Wettbewerb besteht aber doch eigentlich darin, dass sich die Mitbewerber bemühen, den Konkurrenten Kunden abzujagen. Ich kann mich nicht erinnern, dass die EVN mit besonderer Energie versucht hätte, in anderen Bundesländern Kunden zu gewinnen.
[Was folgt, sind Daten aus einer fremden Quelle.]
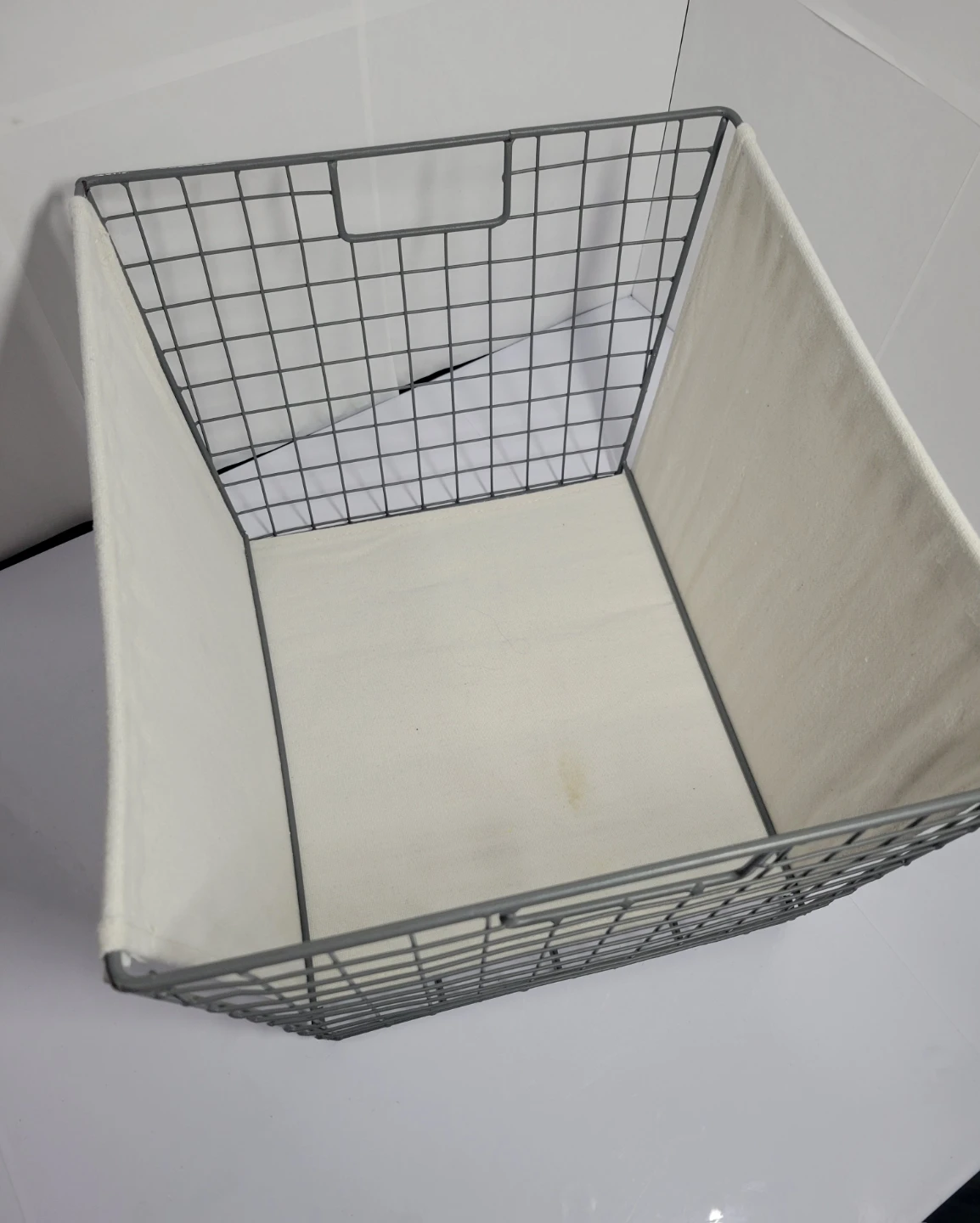 Wire Frame Storage Basket with Canvas Liner - photo 2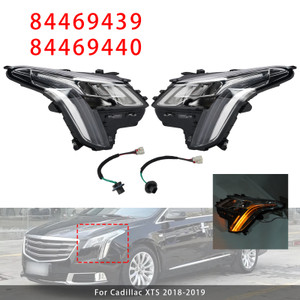 Left+Right LED Headlight 84469439 84469440 For Cadillac XTS 2018-2019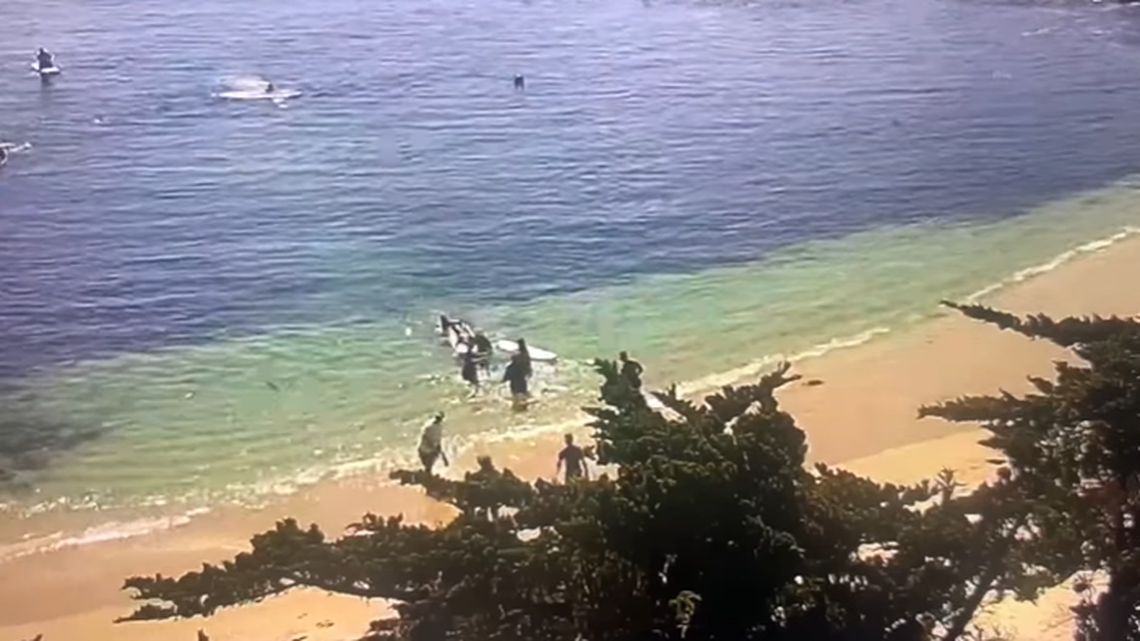 A swimmer was bitten by a shark on June 22, 2022, at Lovers Point Beach in Pacific Grove, California, officials said.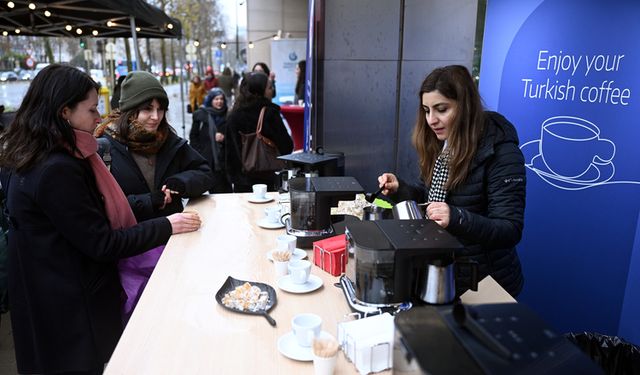 "Avrupa'nın kalbinde" Dünya Türk Kahvesi Günü kutlandı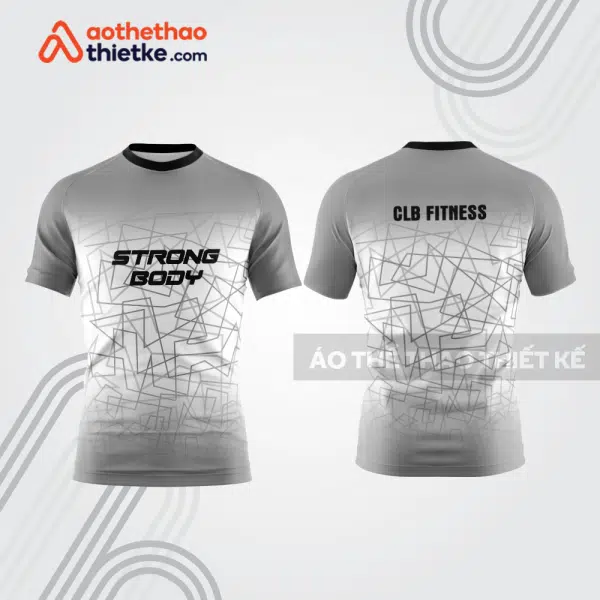 Mẫu thiết kế áo đồng phục t-shirt fitness & gym fg51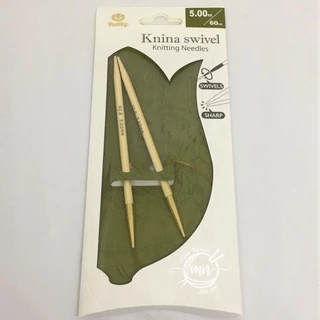 Kim đan vòng Tulip Knina Swivel Knitting Needles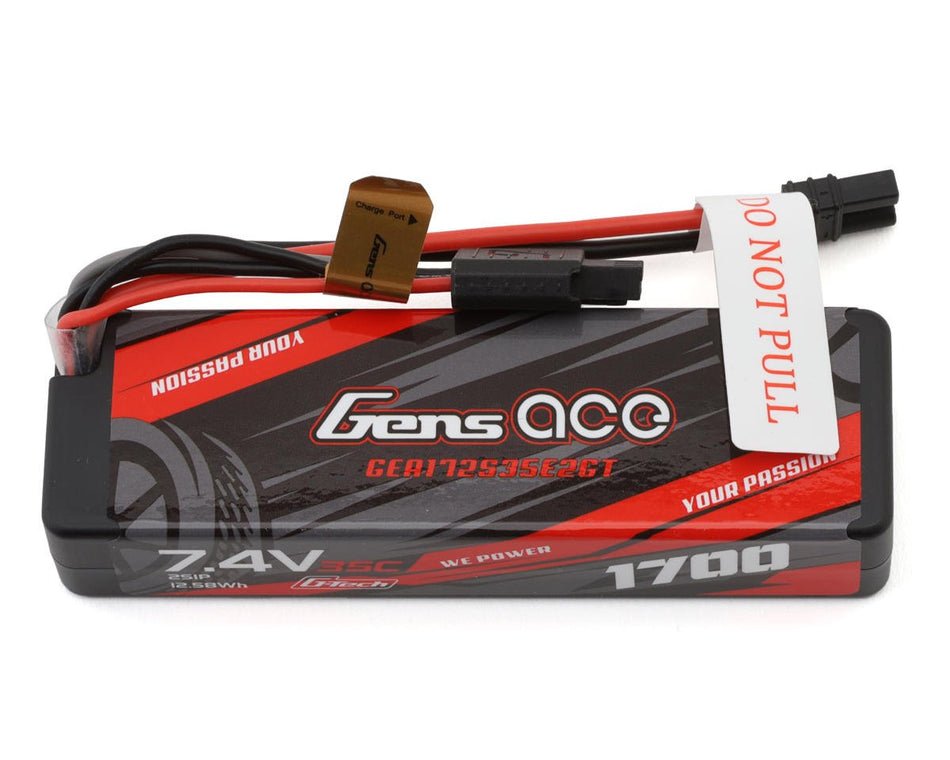 Gens ace 1700mAh 2S 35C 7.4V G-Tech Hardcase Lipo Battery with EC2 Plug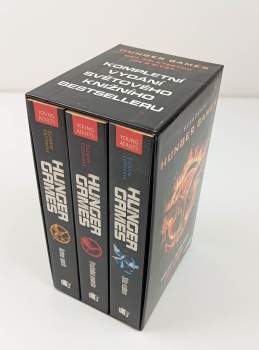 BOX Suzanne Collins 3X Hunger games + Hunger games + Hunger games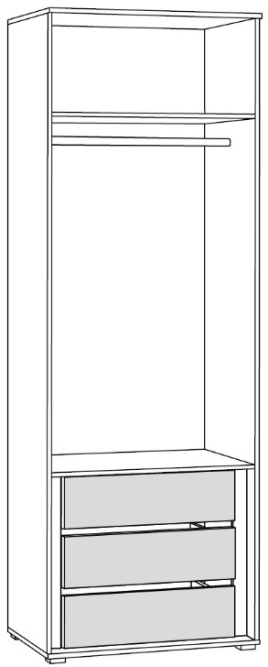 Шкаф для одежды Остин 13.336.02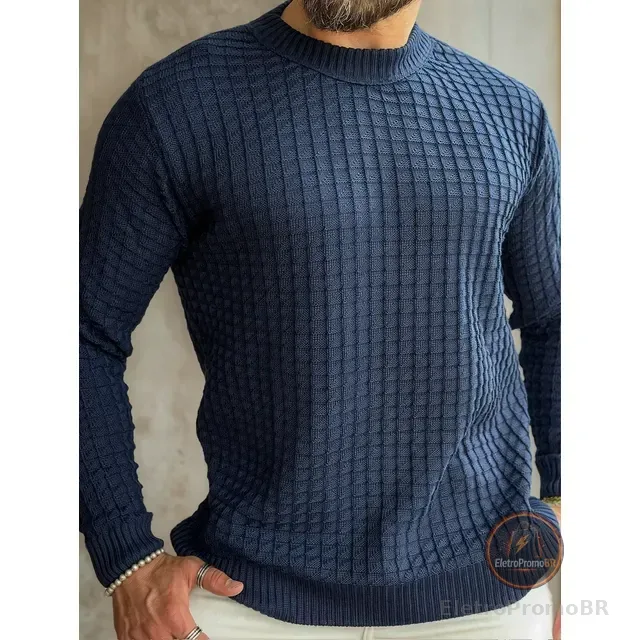 Blusa De Frio Suéter Masculino Lã Tricot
Studien zeigen, dass gerade dort, wo der Wettbewerb besonders hoch ist, etwa Großbritannien, die Margen weitaus höher sind. Ich kann Ihnen versichern, in Österreich sind die reinen Vertriebsmargen überaus niedrig. Wir können uns, anders als die Telekom-Branche, nicht ständige Werbekampagnen leisten. Wir verkaufen elektrische Energie, die mit teuren Rohstoffen und in kapitalintensiven Anlagen produziert wird. Wir sind im Gegensatz zu manchen preisaggressiven Mitbewerbern ein Qualitätsanbieter.

Heißt das, der Verbund ist kein Qualitätsanbieter?

In dem Zusammenhang sicher nicht. Die Verbundgesellschaft ist ein Billiganbieter und bietet nicht jene Leistungen, die wir zusätzlich erbringen. Etwa in Bezug auf Beratung, auf Sicherheit, dass man innerhalb kürzester Zeit vor Ort ist, wenn eine Störung vorliegt. Das alles gibt es bei uns und bei anderen nicht, weil die nicht die entsprechende Organisation und Infrastruktur haben, um die Kunden direkt zu bedienen.

Für die Infrastruktur ist ja auch nicht der Verbund verantwortlich, sondern derjenige Netzbetreiber, dessen Leitungen zum Kunden laufen.

Der Netzbetreiber ist bis zur Übergabestelle beim Hausanschlusskasten verantwortlich. Aber die Leute haben schon gerne, dass sich auch irgendwer vom Lieferanten um die Anlage kümmert und zur Hand ist, wenn es am Wochenende zu Schwierigkeiten kommt. Das ist unser Vorzug.

Burkhard Hofer wurde am 30. Mai 1944 geboren, studierte Rechtswissenschaften und begann 1980 seine Tätigkeit beim niederösterreichischen Energieversorger EVN.

Ab 1992 führte er das Generalsekretariat, war neben Rechtsangelegenheiten für Beteiligungs- und Projektkoordination zuständig und Verhandlungsführer bei wichtigen Vorhaben wie der Umsetzung der österreichischen Gaslösung. 2005 wurde Hofer in den EVN-Vorstand berufen und fungiert dort seither als Sprecher.